The boss did understand, and rode across to the Warlochs alone, to find a
man as shy and reticent as a bushman can be, and full of dread lest the
woman at the homestead would insist on visiting him. "You see, that's
why he wouldn't come on," the mate said. "He couldn't bear the thought of
a woman doing things for him "; and the Maluka explained that the missus
understood all that. That lesson had been easily learned; for again and
again men had come in "down with a touch of fever," whose temperatures
went up at the very thought of a woman doing things for them, and always
the actual nursing was left to the Maluka or the Dandy, the woman seeing
to egg-flips and such things, exchanging at first perhaps only an
occasional greeting, and listening at times to strange life-histories
later on.
But in vain the Maluka explained and entreated: the sick man was "all
right where he was." His mate was worth "ten women fussing round," he
insisted, ignoring the Maluka's explanations. "Had he not lugged him
through the worst pinch already?" and then he played his trump card:
"He'll stick to me till I peg out," he said - "nothing's too tough for
him"; and as he lay back, the mate deciding "arguing'll only do for
him," dismissed the Maluka with many thanks, refusing all offers of
nursing help with a quiet "He'd rather have me," but accepting gratefully
broths and milk and anything of that sort the homestead could furnish.
"Nothing ever knocks me out," he reiterated, and dragged on through
sleepless days and nights, as the days dragged by finding ample reward in
the knowledge that "he'd rather have me", and when there came that deep
word of praise from his stricken comrade: "A good mate's harder to find
than a good wife," his gentle, protecting devotion increased tenfold.
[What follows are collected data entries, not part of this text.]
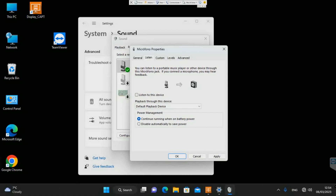Originally 'listen to this device' is unticked — that's the Windows default — because normally you'd have a microphone going through an external amplifier to a speaker. However, what I'm doing here bypasses all of that extra hardware. By enabling 'listen to this device', when you talk into the microphone it goes through the same computer and outputs through any speaker connected to it. No amplifier or surround sound needed — just a simple speaker as output.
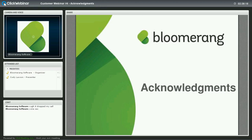Today I'm joined by my colleague Cody Lawson. He's the Conversion Project Manager over here at Bloomerang.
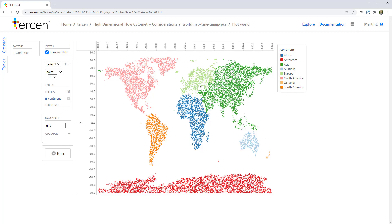Here we've plotted latitude and longitude data points into a graph to make a map of the world. Consider the continents as the populations we're interested in, and for our example, we're going to reduce from two dimensions to two dimensions, just to show how data is deformed by these techniques.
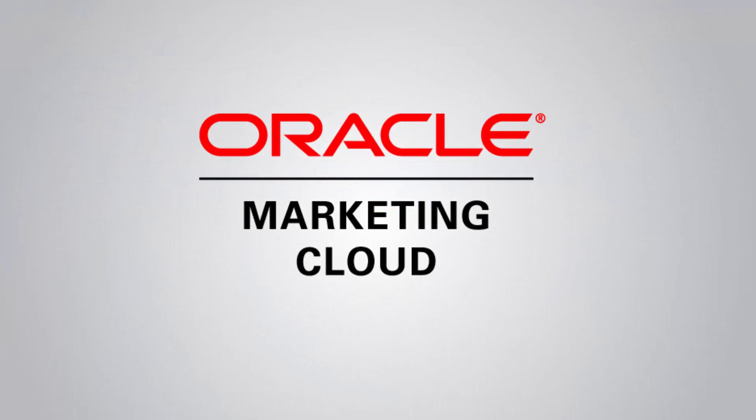This concludes this tutorial on how to create a lead scoring model. Thank you for watching. For more information, go to TopLiners.com and click Know It. I'll see you next time.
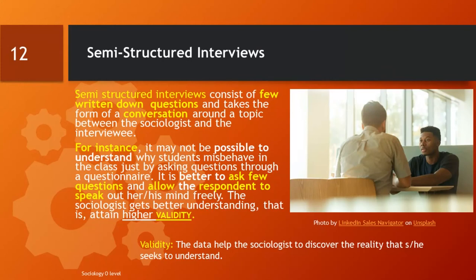The interpretive sociologist uses semi-structured interviews. What are semi-structured interviews? It means that the interview is not wholly structured as in the case of the positivist, with fixed questions and alternative answers. In a semi-structured interview, the interviewer starts with a few questions on the topic of interest and allows the conversation to flow more freely, depending on what is of significance to the person being interviewed. For instance, it may not be possible to understand why students misbehave in a classroom by asking a few fixed questions. It is better to ask a few questions and allow the person to respond and freely speak their mind. In this way, the sociologist can better understand the behaviour of students from their point of view.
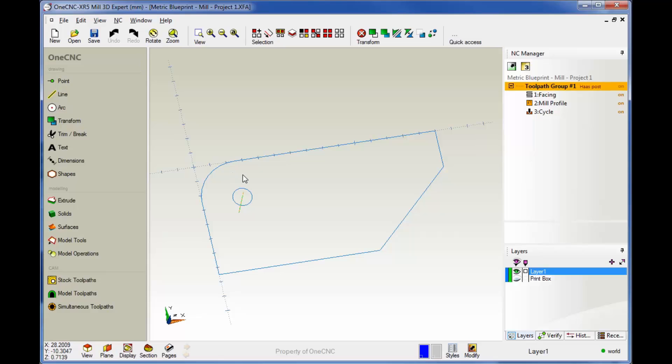Now before I finish this video, I just want to point something out really quick. Notice that we can't see the previous toolpath. Now we do that on purpose, and the reason why is we don't want to clutter the screen with a lot of toolpath. 1CNC hides the toolpath so it's easy to pick your geometry for subsequent machining.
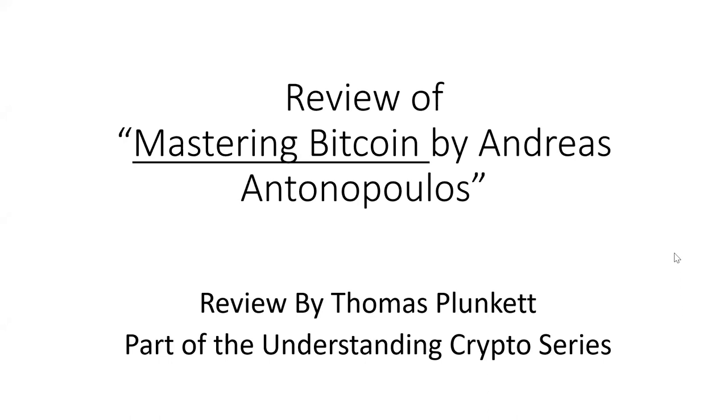Hi, this is Thomas Plunkett. This is my review of Mastering Bitcoin by Andreas Antonopoulos. This is part of the Understanding Crypto series.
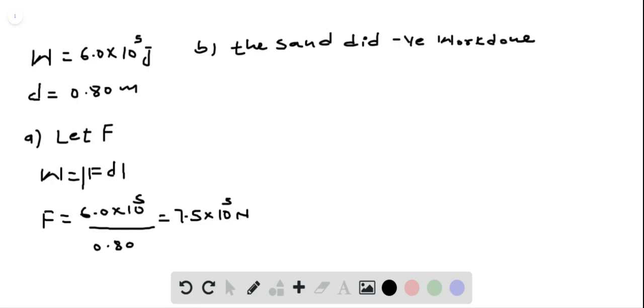And what's the reason? The reason is the force applied by the sand and displacement of the truck are in opposite direction. So, theta is equal to 180 degrees.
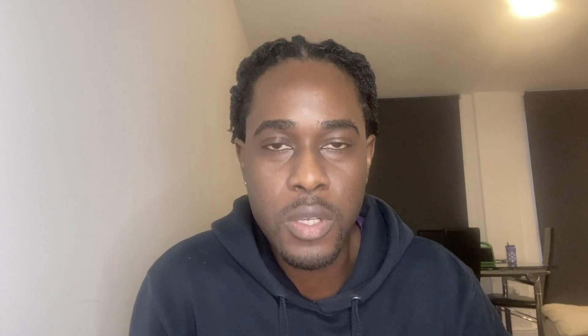Without further ado, we're going to go on the computer and I'll show you how to obtain an official artist channel using both methods — DistroKid and straight through YouTube. Don't forget to like, comment, share, and subscribe if you find this information useful. The most important thing when applying for an official artist channel is to ensure that you meet the criteria.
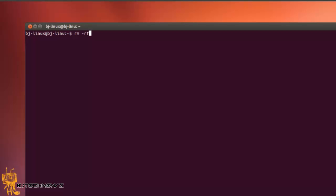The forward slash tells the rm command to start at the root of the directory, which contains all the files on the computer. That's a big no-no, you don't really want to do that.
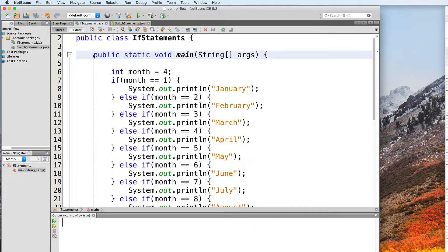In this video, we will talk about switch statements in Java. A switch statement is a type of control flow statement, just like an if statement. It allows your program to choose a path to take using some kind of decision-making system. With if statements, the program decides on a path based on whether or not a given condition is true. With switch statements, decisions are made by trying to find a match against a certain expression. Although these two types of statements are different, you can sometimes convert an if to a switch and vice versa.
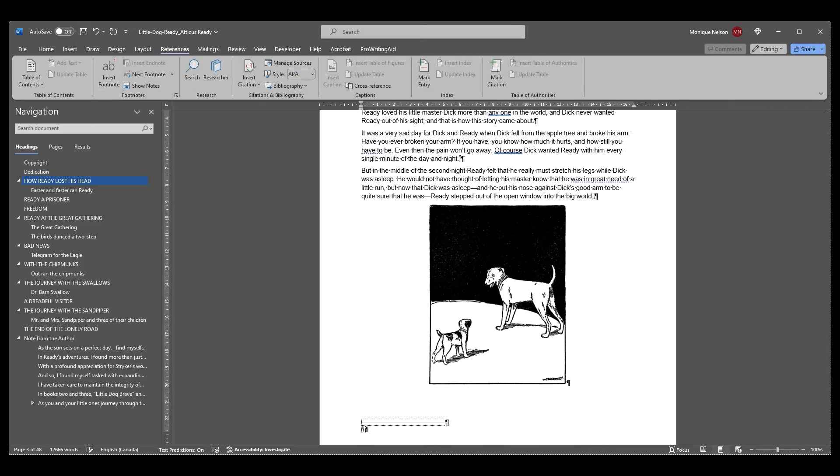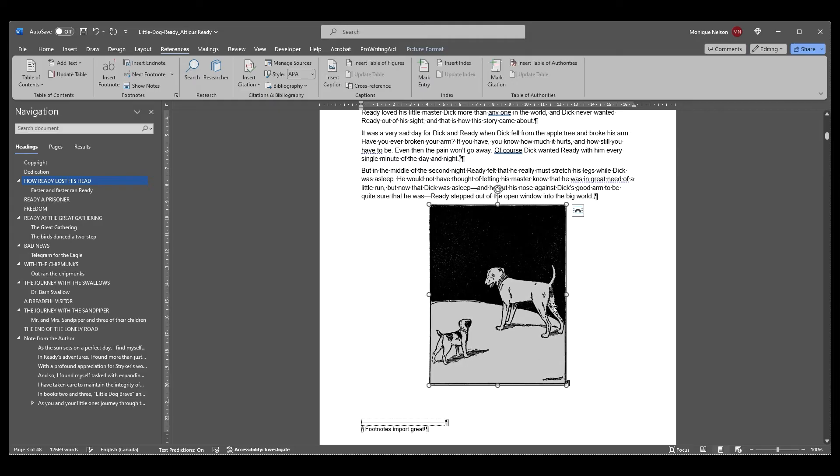If you've already set up your notes in Word as endnotes, unfortunately they won't transfer over to Atticus. It's super easy to convert them to footnotes though.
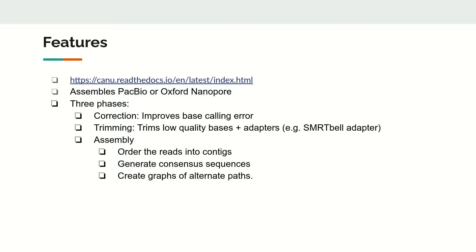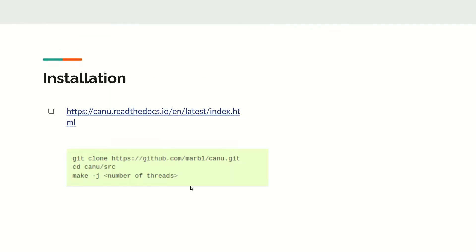Installation is simple. We need to clone the repository, change into the directory, and type make with the number of threads you want to use.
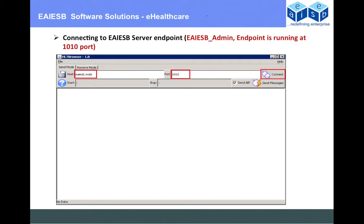Here is the HL7 browser, which we are using to connect to the EAAHP server at port number 1010. The EAAHP Admin MLLP endpoint is running, meaning it is accepting messages from external partners.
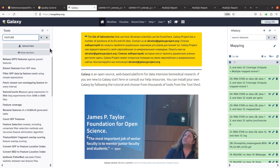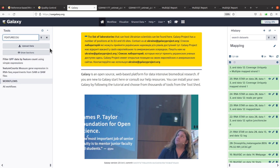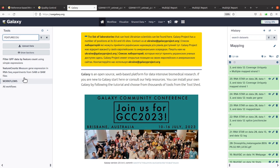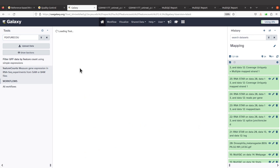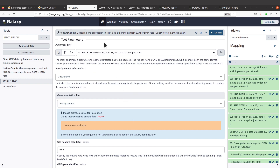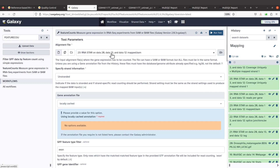I'll type feature counts in the search. We have it here — it says feature counts — so we click it. After clicking, you will have this interface appear. It says alignment file. For me, the alignment file is data number 23, which I showed earlier. That is my alignment file and it's selected. If you're using your own data, make sure to select the file that corresponds to your data.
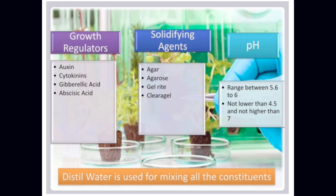pH range is between 5.6 to 5.8 — not lower than 4.5 and not higher than 5.7. Distilled water is used for mixing all the constituents.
Bushmen are instinctively protective. There is no other word that so
exactly defines their tender helpfulness to all weakness and
helplessness. Knowing how hard the fight is out-bush for even the strong
and enduring all their magnificent strength and courage stand ready for
those who would go to the wall without it. A lame dog, a man down in his
luck, an old soaker, little women any woman in need or sickness - each and
all call forth this protectiveness; but nothing calls it forth in all its
self-sacrificing tenderness like the helplessness of a strong man
stricken down in his strength.
Understanding this also, we stood aside, and rejoicing as the sick man,
benefiting by the comparative comfort and satisfied to have his own way,
seemed to improve. For three days he improved steadily, and then, after
standing still for another day slipped back inch by inch to weakness and
prostration, until the homestead, without coercion, was the only chance
for his life.
But there was a woman there; and as the mate went back to his pleading
the woman did what the world may consider a strange thing - but a man's
life depended on it - she sent a message out to the sick man, to say that
if he would come to the homestead she would not go to him until he asked
her.
He pondered over the message for a day, sceptical of a woman's word -
surely some woman had left that legacy in his heart - but eventually
decided he wouldn't risk it. Then the chief of the telegraph coming
in - a man widely experienced in fever - and urging one more attempt, the
Dandy volunteered to help us in our extremity, and, driving across to the
Warlochs in the chief's buggy worked one of his miracles; he spent only a
few minutes alone with the man (and the Dandy alone knows now what
passed), but within an hour the sick traveller was resting quietly
between clean sheets in the Dandy's bed.